I know a lot of people like this. I know myself. I know that
I can very easily pass my days without much thought regarding God. I know, as
another example, that I do not love God with all my heart, with all my soul,
with all my strength, and with all my mind. A spiritually blind person might respond,
“Well, no one can do that, so who cares?” But what if we really are supposed
to? What if we really can? What if Jesus was sent to cure our blindness? What
if Jesus is meant to open up in us a closed-off-ness that we just thought was
Jesus says, “I came that you may
have life, and have it more abundantly.” Jesus turns back the curses
that hamper life.
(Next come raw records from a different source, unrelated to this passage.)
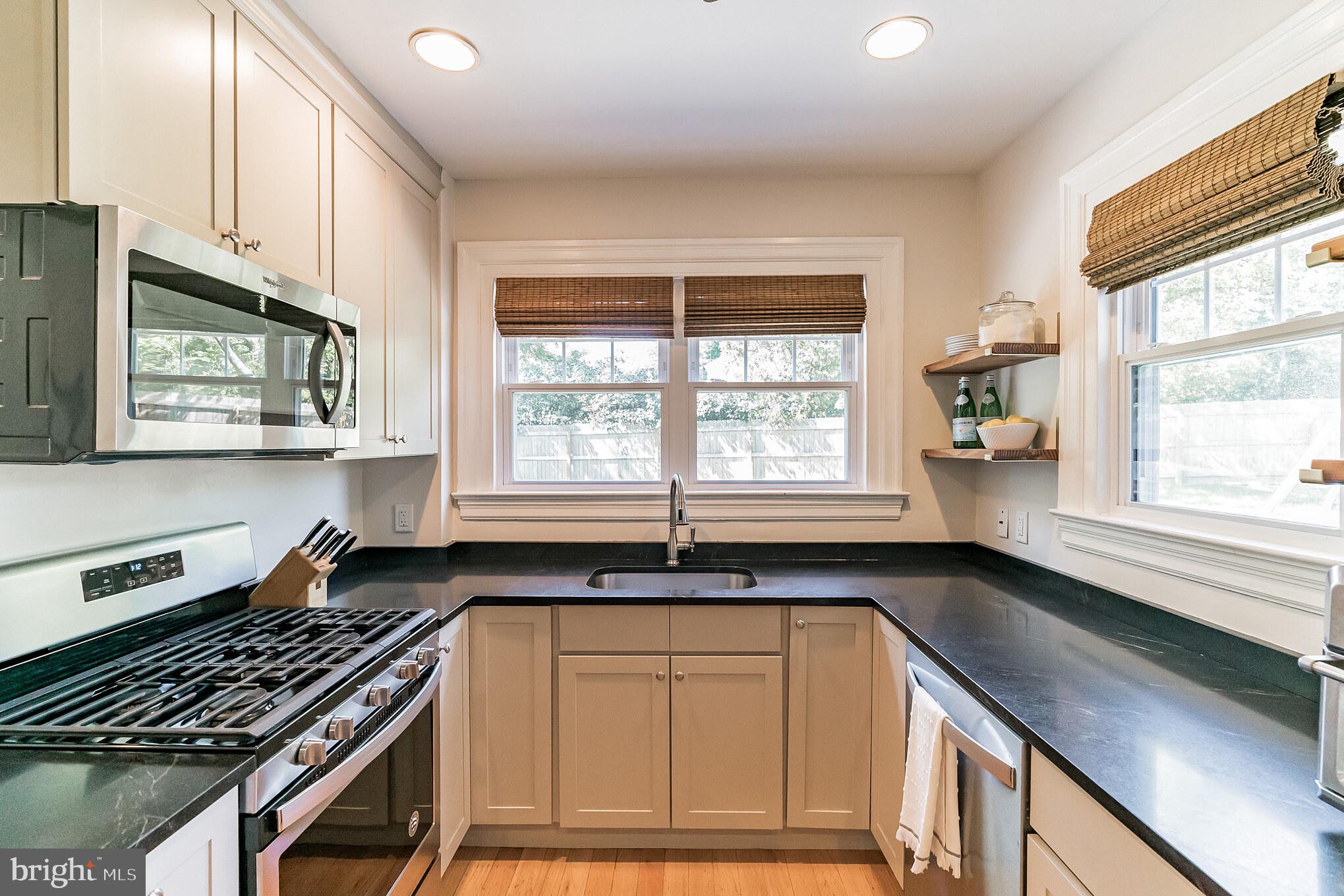41 Wistar Road Paoli, PA 19301 - Photo 18 of 36 Spacious and functional Kitchen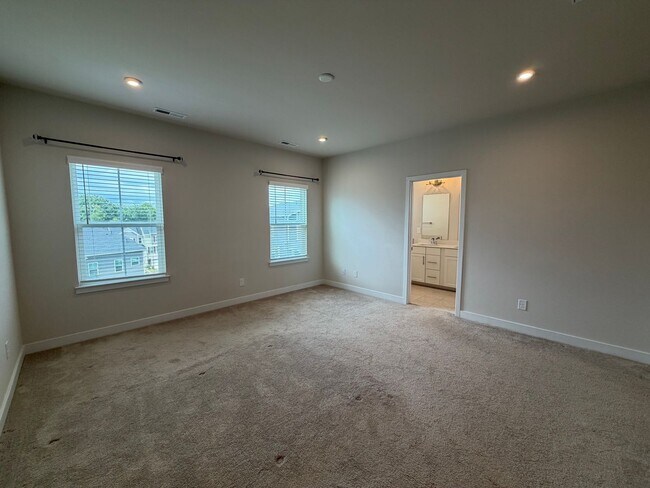 Building Photo - 921 Portrush Ln
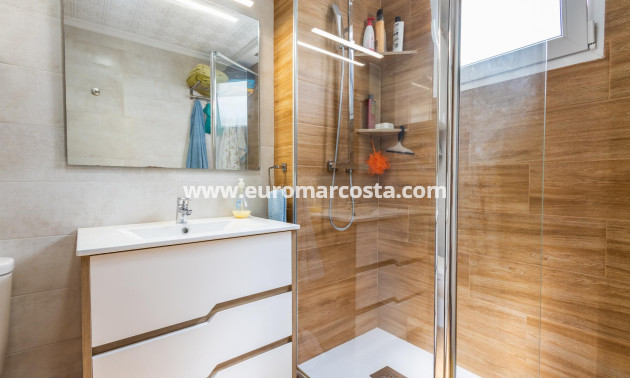 Venta - Apartamento / piso - Torrevieja - TORREVIEJA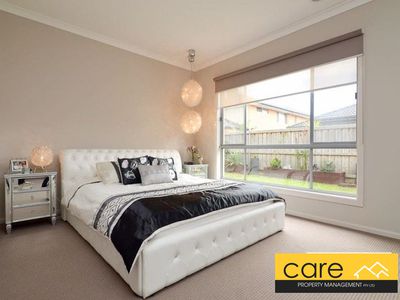 8 Merriwee Chase, Sandhurst
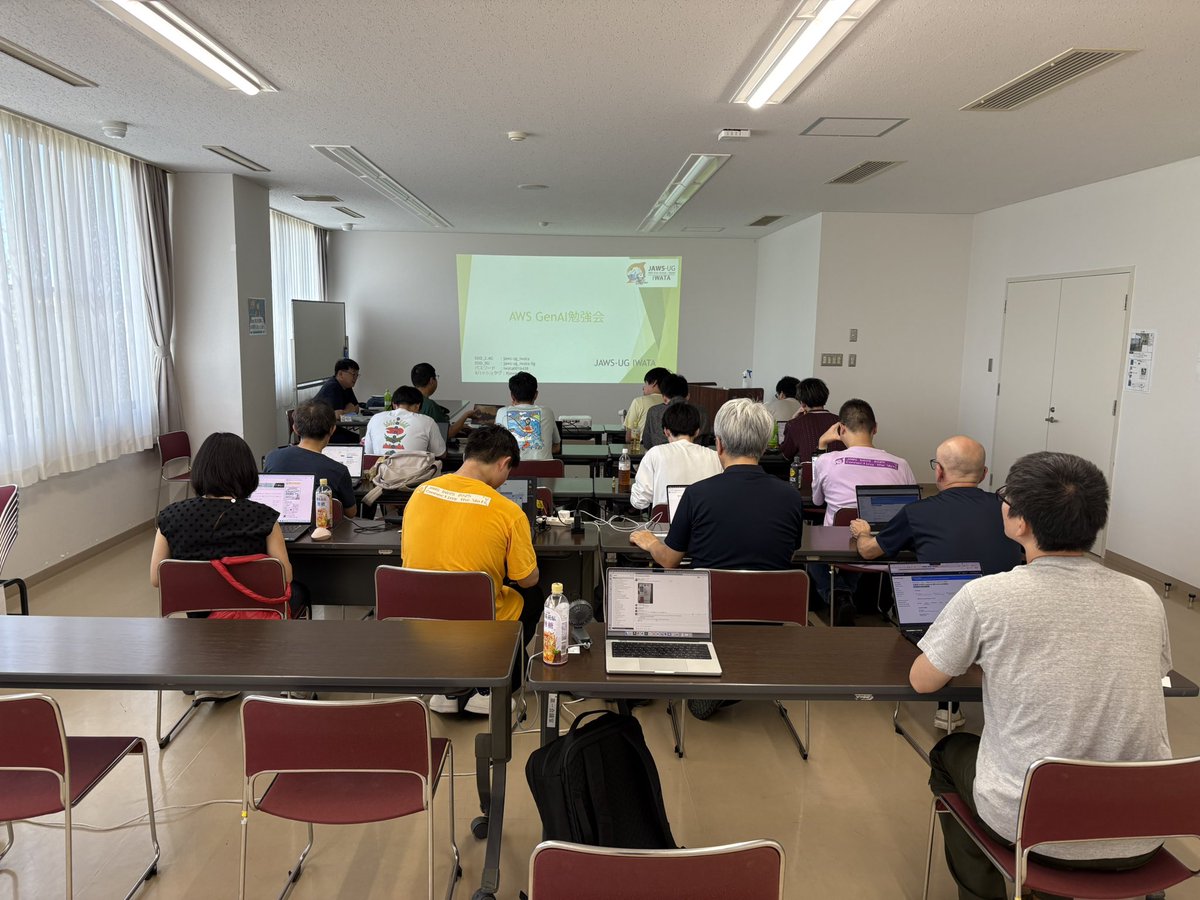 kawaji_scratch's tweet image. 三連休なのにたくさんの参加者 #jawsugiwata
He heals physical blindness, deafness, and so on. Everyone
can see the goodness of that. What is not realized as frequently is that Jesus
opens us up spiritually to things we wouldn’t otherwise know. We wouldn’t
otherwise know these things, because these things are only learned from the
prophets, from Jesus, and from the apostles. Just as the blind man doesn’t know
what it means to see until sight is given, so also we do not know what it is
like to know God until Jesus opens us up to that.
We can know God by his Word. We can learn how to live with
him in his creation from the Psalms. We can learn about our future from
prophesies like Isaiah 35. We can begin to love God by the power of the Holy
Spirit. We can think about God more often than never or twice a day. We can
call upon him in prayer. We can restrain ourselves when we know that going
further down the path of temptation would bring us into sin. We can begin to live
a new life. What some can’t see or hear we can begin to see and hear.
But, as the apostle says, “Now we
see in a mirror dimly, but then we will see face to face. Now we know in part,
then we shall know fully, even as we have ben fully known.” Paul is
talking about how we only get an inkling in this life. I suspect an experience awaits
us that is something like those videos that I mentioned at the beginning of
this sermon. Those little kids never knew that they could see so well until the
first time those glasses were put on their faces. They didn’t know how
beautiful Mom’s voice was until they heard it. So it will be also for us.
What will it be like to see God? What will it be like to
look Jesus in the face? Jesus opens us up to this hope with his Gospel. No one
has seen God except Jesus who came from God. And yet, because of Jesus, we will
see God in his holiness and splendor. I suspect that just a moment of that will
contain more living in it than our entire life here below.
Therefore, do not be deceived. Don’t be tricked out of this
healing. Jesus warns us against following those who are blind: “If the blind lead the blind, they will both fall into the pit.”
Do not be blind to God. Do not be blind to truth, love, righteousness, sin,
justice, redemption, and many other spiritual things. Our world is full of
people who say that none of that matters. They are blind. They are closed in on
themselves. “Ephphatha!” Be opened to God and to
one another. He who has ears to hear, let him hear!